Answering questions from a the Arts, Culture and Sport Select Committee, Tunnicliffe insisted that the new Tube line would meet the millennium deadline but admitted that the opening had slipped again from September to the end of October.
Under a barrage of heavy questioning, Tunnicliffe was unable to guarantee against further delays. The wildcat strike by Drake & Skull electricians - called off at the start of this week - had not pushed the project off its revised critical path, he said. But the project now has only marginal time and money contingencies, he conceded.
Tunnicliffe said LT was working on alternative transport plans to get would-be visitors to the Millennium Dome in North Greenwich from 1 January 2000, if the JLE is not ready. This would include boat and bus services between Greenwich and central London.

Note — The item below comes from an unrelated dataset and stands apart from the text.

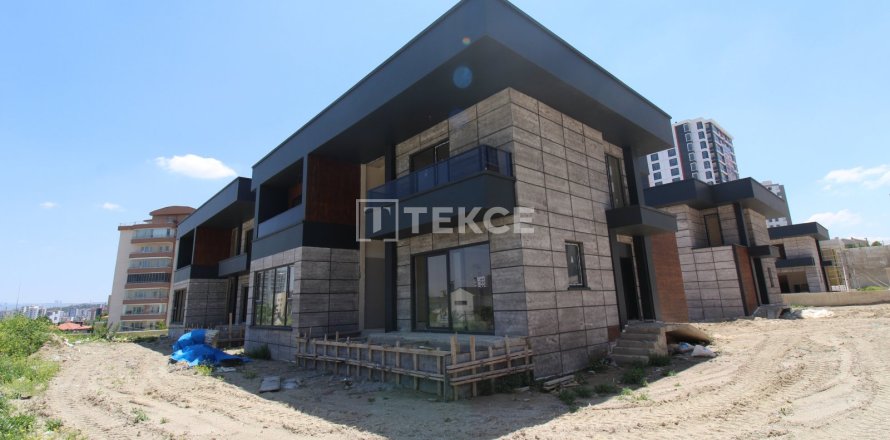 4+1 Villa en Ankara, Turkey No. 14094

However, Tunnicliffe said he was 'not sure when we would start to let contracts'; nor was he clear how car-free transport to the exhibition can be achieved without the JLE in place. The line is expected to open in three phases: Stratford to North Greenwich in spring next year, Stratford to Waterloo in summer, and Stratford to Green Park in the autumn. The final phase handover is now targeted for the end of October.
Committee chairman Gerald Kauffman said he feared that runaway costs were being borne by the taxpayer. MPs were also concerned that, should London Transport reallocate funds from other projects to complete the JLE, it would be to the detriment of other parts of the Underground.
MPs demanded that London Transport submit monthly financial statements for the project in addition to current fortnightly progress reports. London Transport's estimate of the 2.85bn project cost is being revised following the appointment of Bechtel to manage the job.